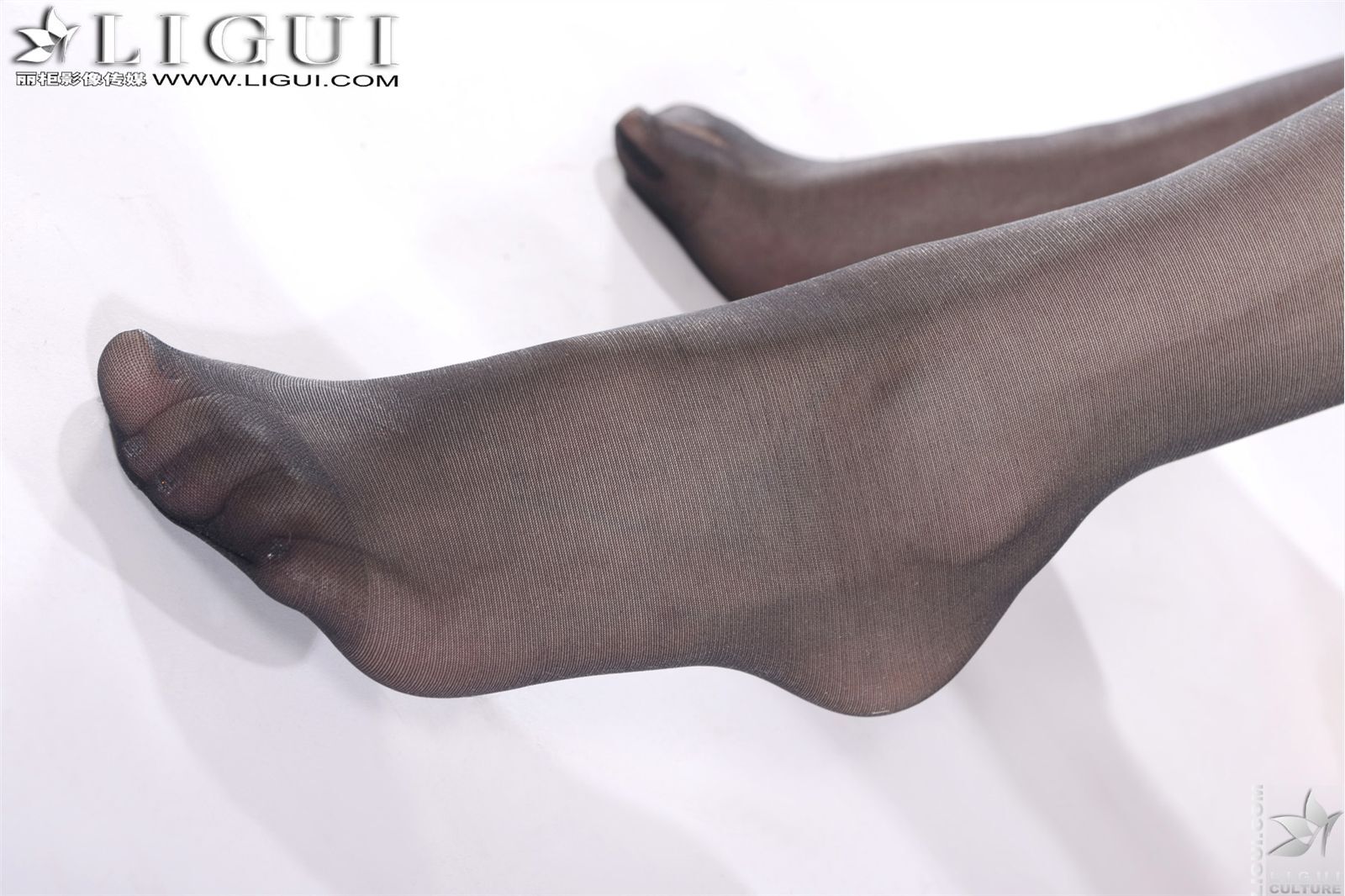 黑絲的誘惑 Model Vicky [麗櫃 ligui][10-03]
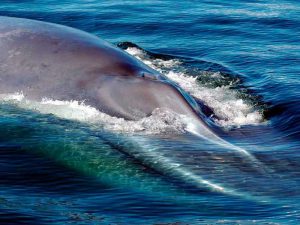 Морда синего кита фото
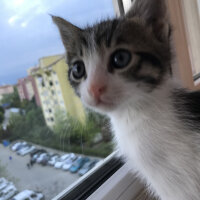 Tekir Kedi, Kedi  Kata fotoğrafı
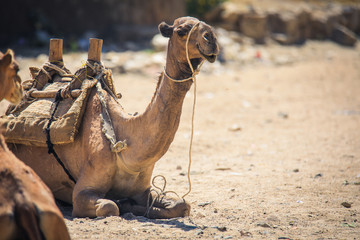 Sitting Beige Camel on the Aminal Market in Keren, Eritrea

■ **TASK BRIEF**: Exclude all images and retype the data precisely.

■ **RESPONSE FOR THIS EXERCISE**:
 黑絲的誘惑 Model Vicky [麗櫃 ligui][10-03]
 Морда синего кита фото
 Tekir Kedi, Kedi  Kata fotoğrafı
 Sitting Beige Camel on the Aminal Market in Keren, Eritrea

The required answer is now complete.